La Tomba-Monumento di Anita Garibaldi

gennaio 15, 2020


Raramente un monumento equestre è al tempo stesso tomba dell’eroe che vuole rappresentare. In effetti, il monumento che lungo la salita del Gianicolo precede di un centinaio di metri quello di Giuseppe Garibaldi, contiene nel suo basamento le spoglie di Anita Garibaldi, la giovane ventottenne di origini brasiliane che diede al generale tre dei suoi figli. Si chiamava Ana Maria ed era nata in una piccola frazione di Laguna, nel sud del Brasile, il 30 agosto del 1821. Figlia di un mandriano, imparò subito a cavalcare e dubitiamo fortemente che lo facesse nel modo aggraziato che volle per lei lo scultore Mario Rutelli (bisnonno del politico Francesco).
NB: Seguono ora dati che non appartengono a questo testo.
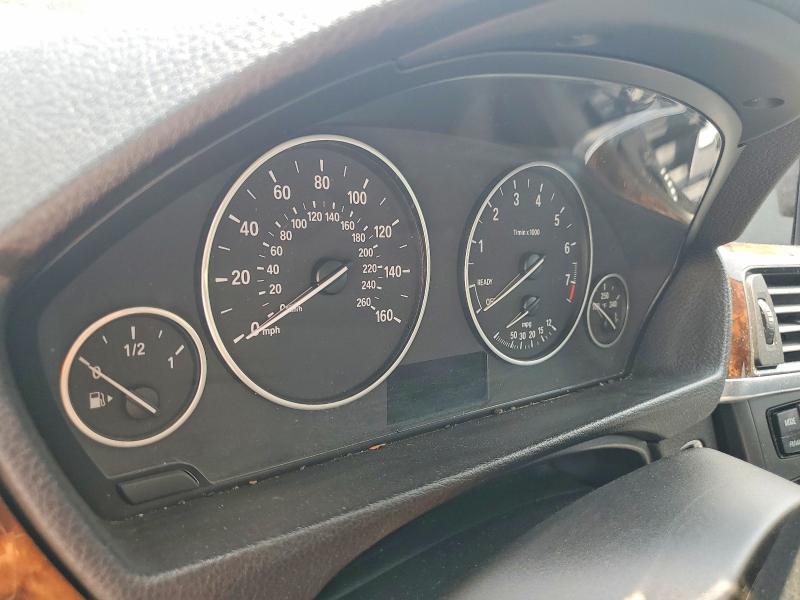63233786 :رقم المزاد ، WBA3A5C53DF352083 vin ، 2013 Bmw 328 مزاد بيع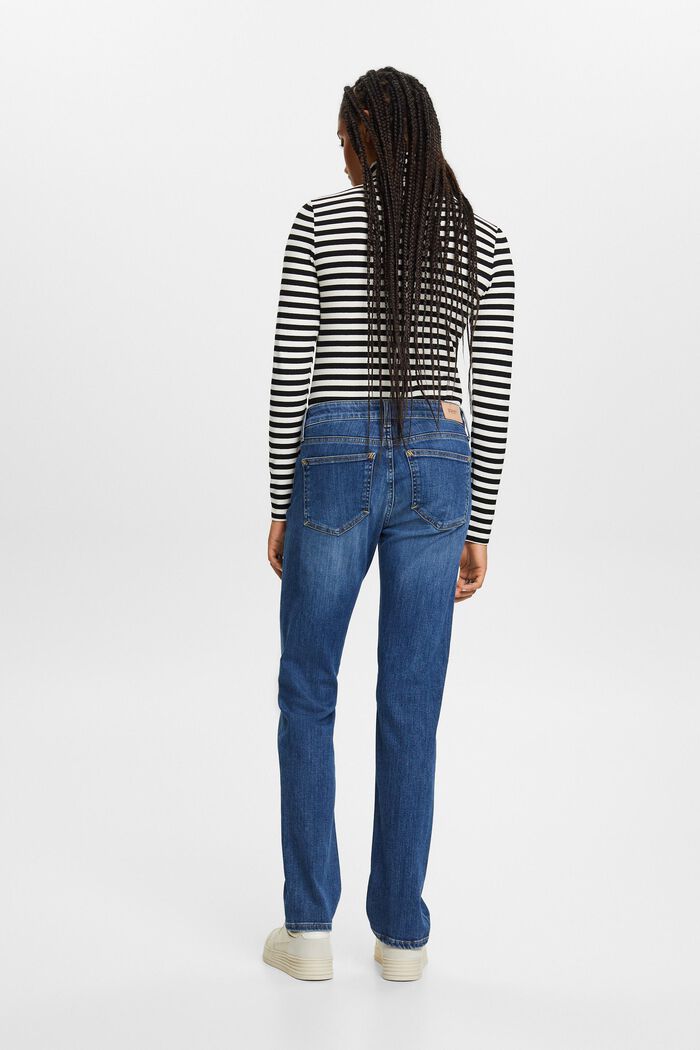 Gerade geschnittene Jeans mit mittelhohem Bund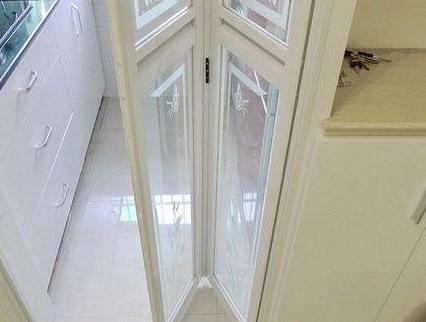 厨房不要再装推拉门了, 现在都流行这种门, 省地方又耐用十倍!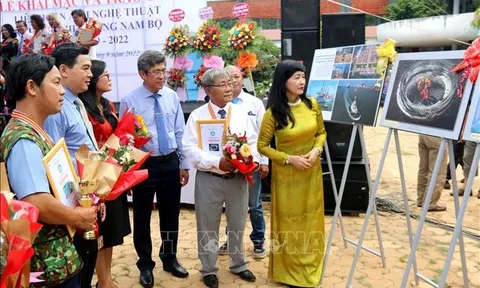 Khai mạc Liên hoan Ảnh nghệ thuật khu vực miền Đông Nam Bộ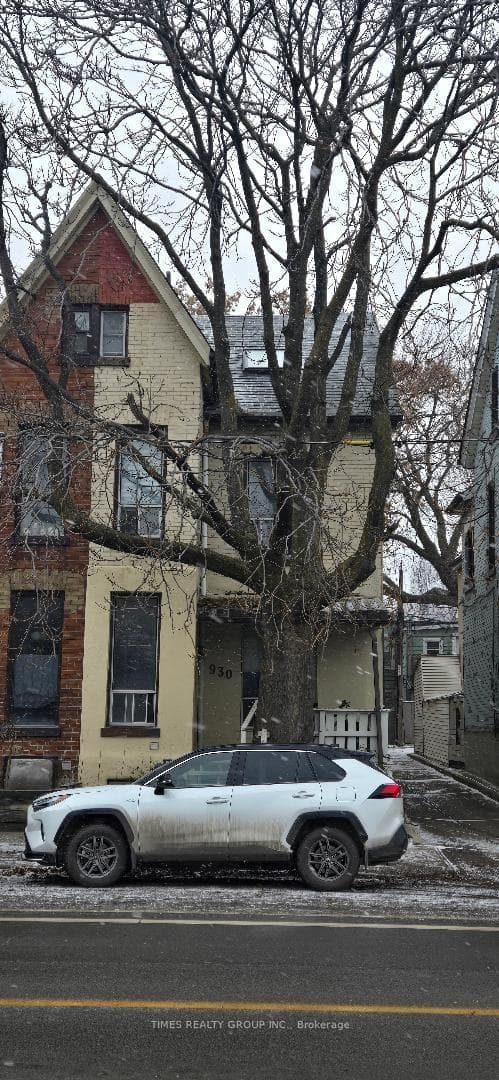 930 Dundas Street, Riverdale / Leslieville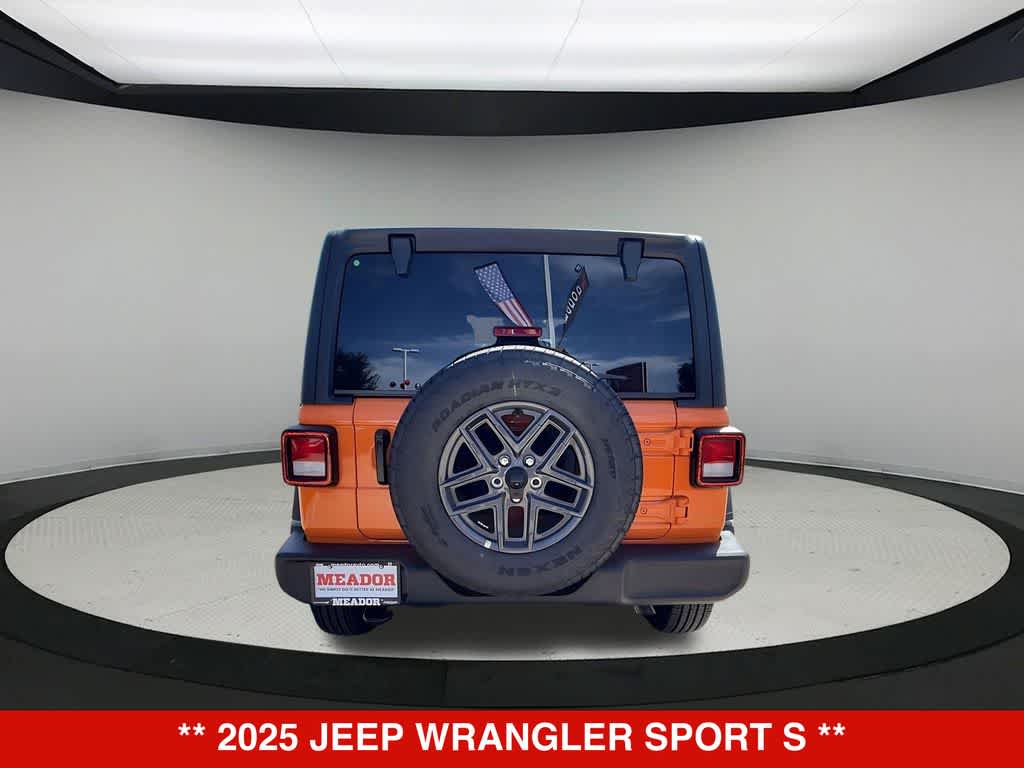 Thumbnail: 2025 Jeep Wrangler - 5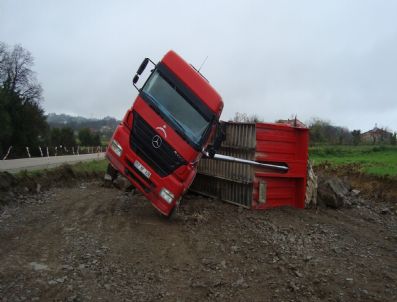 Sinop'ta Taş Yüklü Kamyon Devrildi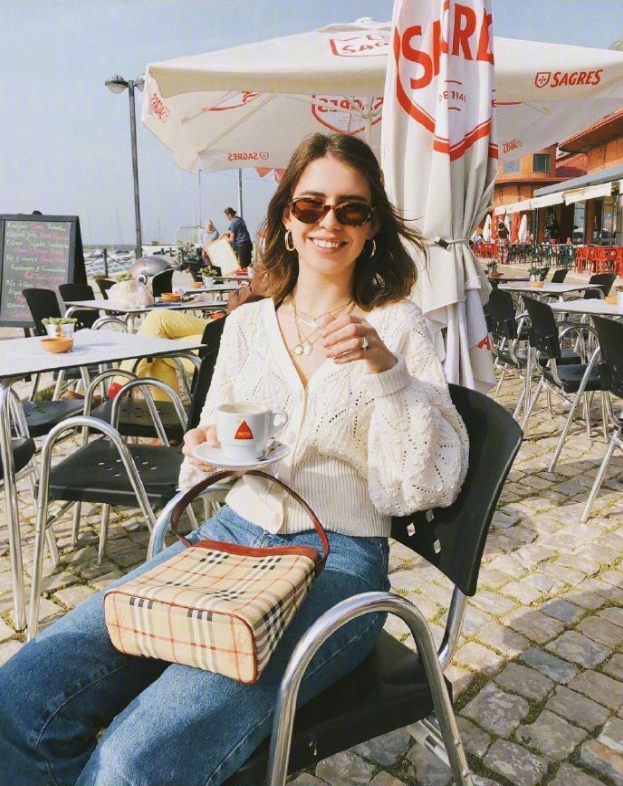 德国美女图片 时尚博主Sarah Lou度假风穿搭图片 10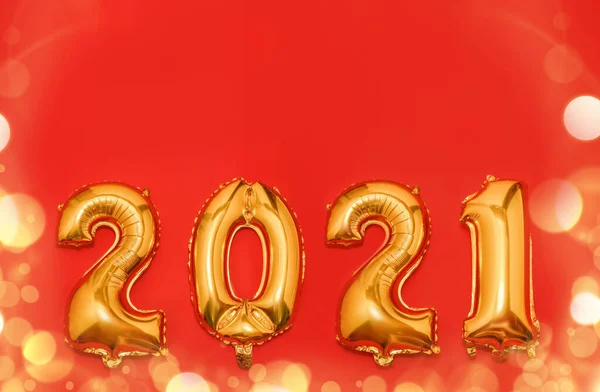 Folie Golden Christmas 2021 Luftballons Form Von Zahlen Isoliert Auf — Stockfoto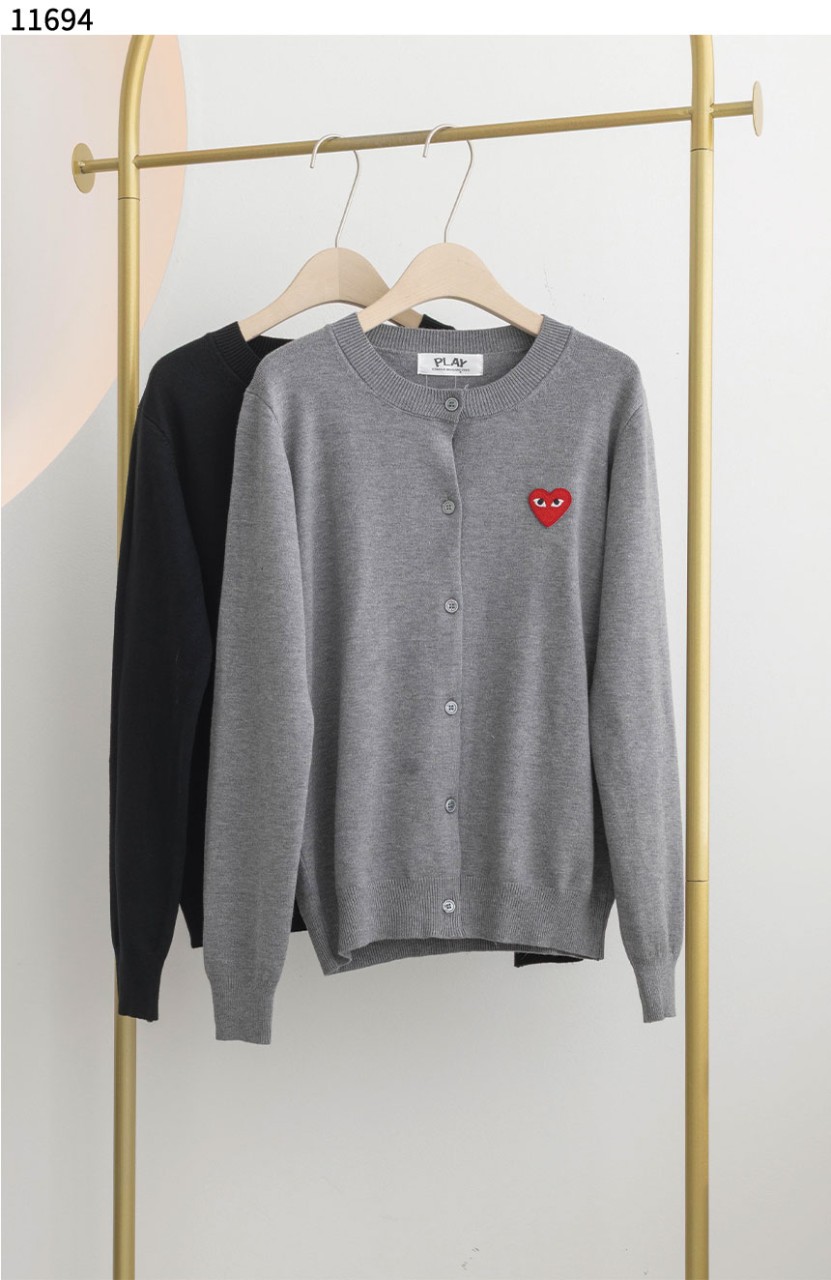 #꼼데가르송 [COMME des GARCONS] 여성 투하트 로고 라운드 니트 가디건 신상입고💢 #상의 #니트 #11694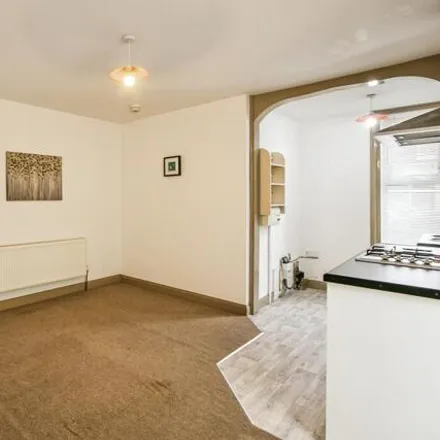 Image 5 - 15 Rosebery Road, Bournemouth, Christchurch and Poole, BH5 2JH, United Kingdom - Apartment for sale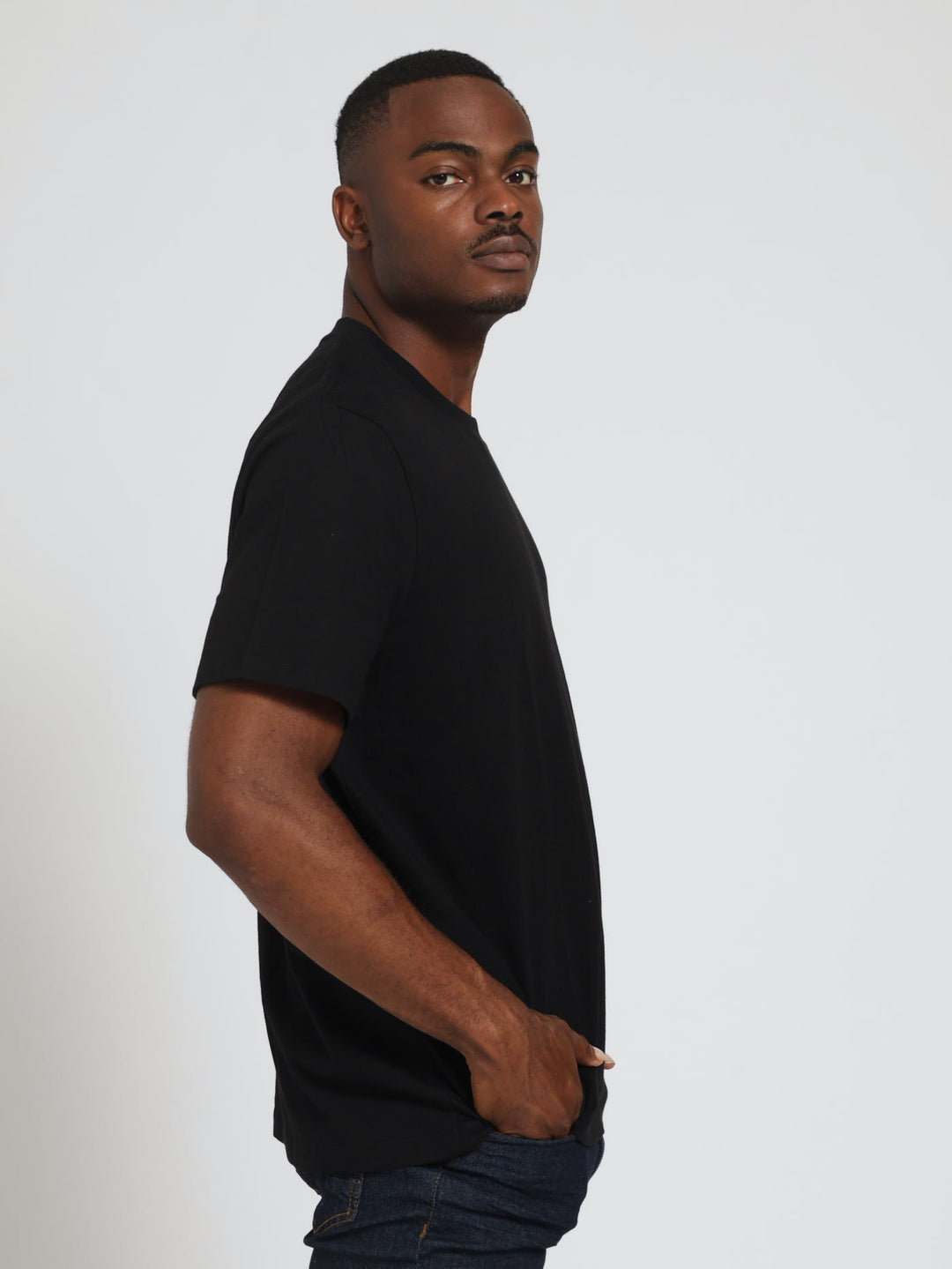 Essential Plain Tee - Black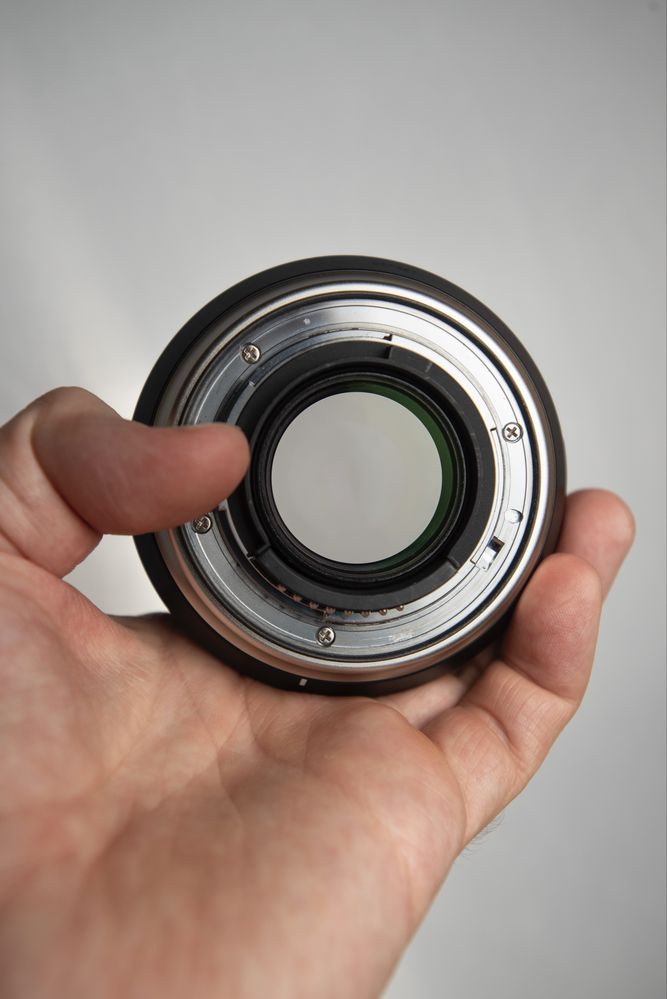 Tamron SP 45mm f/1.8 VC USD для Nikon F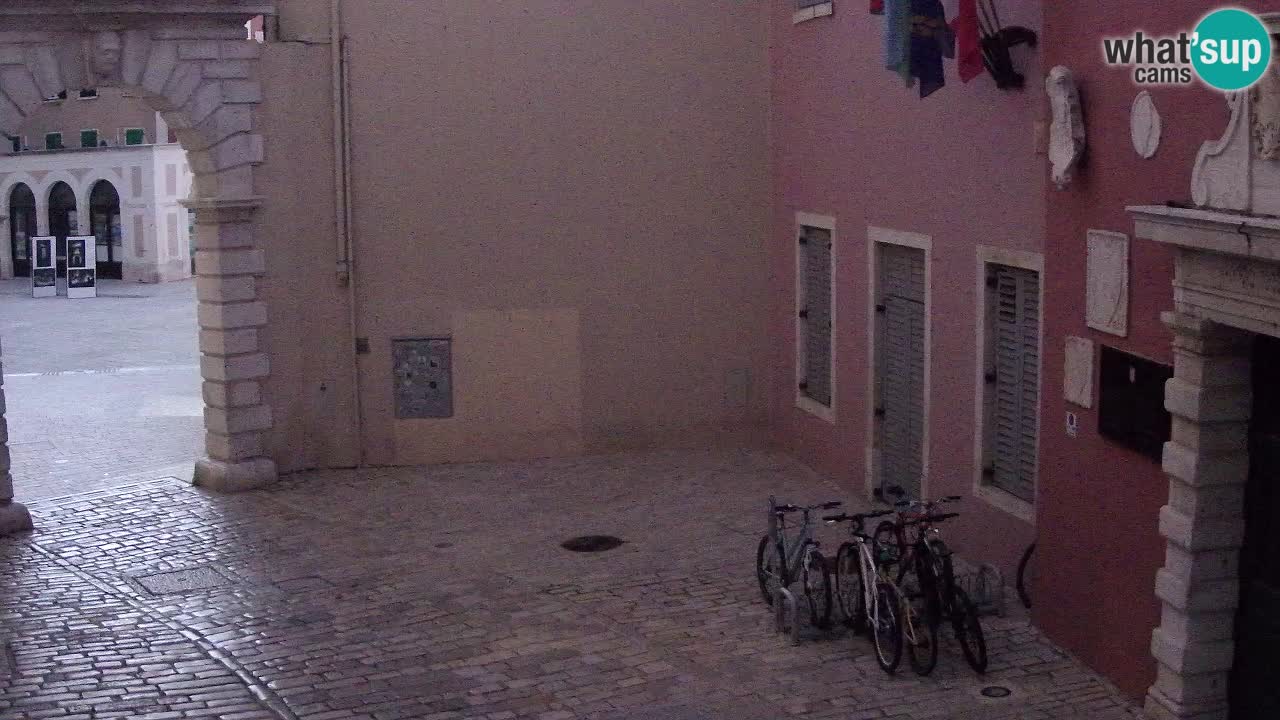 Webcam en vivo Rovinj – “Puerta de la ciudad” Proa de Balbi – Istria – Croacia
Di carattere ribelle, mascolino, spregiudicato, montava sicuramente come un’amazzone, non certo con lunghe gonne e le gambe insieme da un solo lato, con una posa che ricorda Audrey Hepburn in Vacanze romane, scarrozzata sulla vespa dal giovane Gregory Peck. Ana Maria, che era per tutti “Aninha”, un diminutivo portoghese del suo nome, catturò la mente e il cuore di Garibaldi, fulminato dal coraggio battagliero di quella donna, sempre in prima fila quando c’era da combattere per la libertà, per le istanze sociali e contro il potere assoluto. A fianco di Garibaldi, Aninha divenne Anita e seguì l’eroe di Caprera in modo instancabile, fin quando gli stenti, le difficoltà e una nuova gravidanza incipiente, la fermarono per sempre a Mandriole di Ravenna, dove era arrivata la coppia, con un manipolo di fedelissimi del generale, fuggendo da Roma, dopo il fallimento della Repubblica Romana e con l’intento di aggregarsi alle forze veneziane, che resistevano agli austriaci. Sepolta in fretta nella sabbia, per evitare di lasciare tracce e consentire la fuga dei pochi ricercati, le sue spoglie verranno disseppellite sette giorni dopo e tumulate prima a Mandriole, poi a Nizza, quindi a Staglieno e infine il 2 dicembre 1932 nella base del monumento al Gianicolo. Povera, coraggiosa Anita, che probabilmente mai avrebbe cavalcato nel modo in cui si è voluta tramandare la sua immagine, immagine comunque bella e aggressiva, esattamente come era nelle corde di questa donna tanto emancipata e intraprendente.